Pairings Project: DOUBLE CROSSING THE BRIDGE by Sarah Sover
Updated: Aug 24, 2019
TLDR; DOUBLE CROSSING THE BRIDGE is a hilarious fantasy heist that is Ocean’s Eleven meets How I Met Your Mother meets Deadpool starring Jim Henson style trolls.
(Scroll down for the cocktail pairing.)
I have a hard time starting a review of DOUBLE CROSSING THE BRIDGE, seeing as I’ve read this book more times than I can recall. The author Sarah J. Sover is one of my favorite people in the world, and this is her debut novel. Obviously I will struggle with being objective with this review, but I will do my best.
Simply put, this is one of the weirdest, funniest, smartest, most irreverent books I’ve read in a long time. Sover has pitched it as Ocean’s Eleven meets How I Met Your Mother meets Deadpool starring Jim Henson style trolls.
Seriously.

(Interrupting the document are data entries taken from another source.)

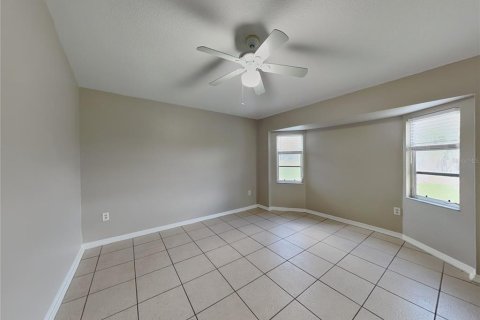 Casa en alquiler en Punta Gorda, Florida, 3 dormitorios, 207.54 m2 № 1910194 - foto 17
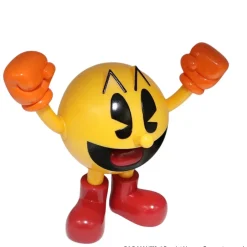Sofvips Pac-Man Discount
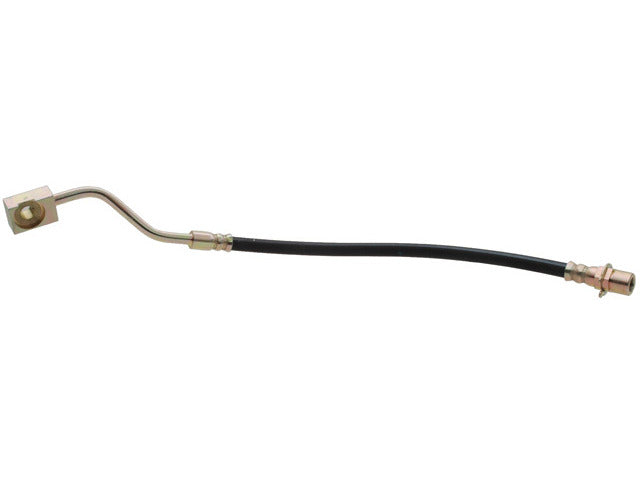 Raybestos Brakes Brake Hydraulic Hose P/N:BH380265 Fits: Ford Windstar 99-95 - Image 1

It is a heist story with a group of trolls that would prefer to slum it in their local bar, but are driven to a slapstick life of crime when making an honest living proves less than lucrative. There’s drinking, uncomfortable sex, and a whole lot of gruesome snacks, including fat babies, fairy wings, and unicorn steaks. Rated G, this is not.
Still, while at first it seems the ridiculousness is for its own sake, as you read, you’ll discover some bitingly sharp wit, and a searing indictment of modern capitalist culture. Sover skewers good old boy networks in white collar settings, criticizes a culture that undervalues care-giving and teaching professions, and even takes on the dangers of socioeconomic disparities and a system that leaves too many hard-working, intelligent individuals struggling just to survive.

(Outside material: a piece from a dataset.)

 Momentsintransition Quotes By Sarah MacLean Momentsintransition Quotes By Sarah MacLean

The humor is low-brow, high-brow, witty, satirical, and everything in between. Sover will dance between a joke about Making the Bridge Great Again and popping boils without batting an eye. There are billy goats that rappel off of buildings to sabotage hard-working trolls, hacker trolls that dream of being super heroes, and babies that are picked out of cages for dinner at fancy restaurants like lobsters plucked from a display tank. And when the absurdism gets too much, suddenly there will be an insightful critique of racism or gender disparity in the workplace, and you’re reminded what a smart book this is.

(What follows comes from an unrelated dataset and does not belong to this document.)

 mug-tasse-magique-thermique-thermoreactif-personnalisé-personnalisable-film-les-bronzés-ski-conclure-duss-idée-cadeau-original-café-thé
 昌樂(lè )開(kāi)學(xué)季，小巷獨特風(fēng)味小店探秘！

I could wax rhapsodic about the characters (Granu: smart, desperate, traumatized, Kradduk: soft romantic hidden under a misogynistic playboy, Len: creep with delusions of grandeur that somehow you still feel sorry for), or about the classic callbacks of the heist itself (you will find dozens of classic heist books and movies referenced and invoked in the planning and execution). I could go on about the nuanced world-building that creates a completely alien, but incredibly familiar world. I could talk about the descriptions that evoke skin-crawling disgust and breath-releasing familiarity.
All I will say, though, is you need to get this book. It’s one of those truly unique experiences that reminds you even fun, escapist literature can totally stab you in the back and teach you something along the way.
Throughout DOUBLE CROSSING THE BRIDGE, the heist team throws back grog like it's water. Luckily, that's most of what it is. Grog was developed by a British Vice Admiral in the 18th century to help the navy stay hydrated at sea. There are multiple ways you can enjoy the drink, but this recipe both stays true to the origin of the drink and makes it tasty enough to knock back on the regular at Goron's Pub. Drink up and #BewareTheGoats.
1 oz Lime Juice
1 oz brown sugar
1 oz dark rum
4 oz water
Drop the brown sugar in a shaker with 1 oz of the water and lime juice. Stir to dissolve sugar. Add the rum, rest of the water, and ice, and shake. Serve in an old fashioned glass with crushed ice. Garnish with a sliver of lime.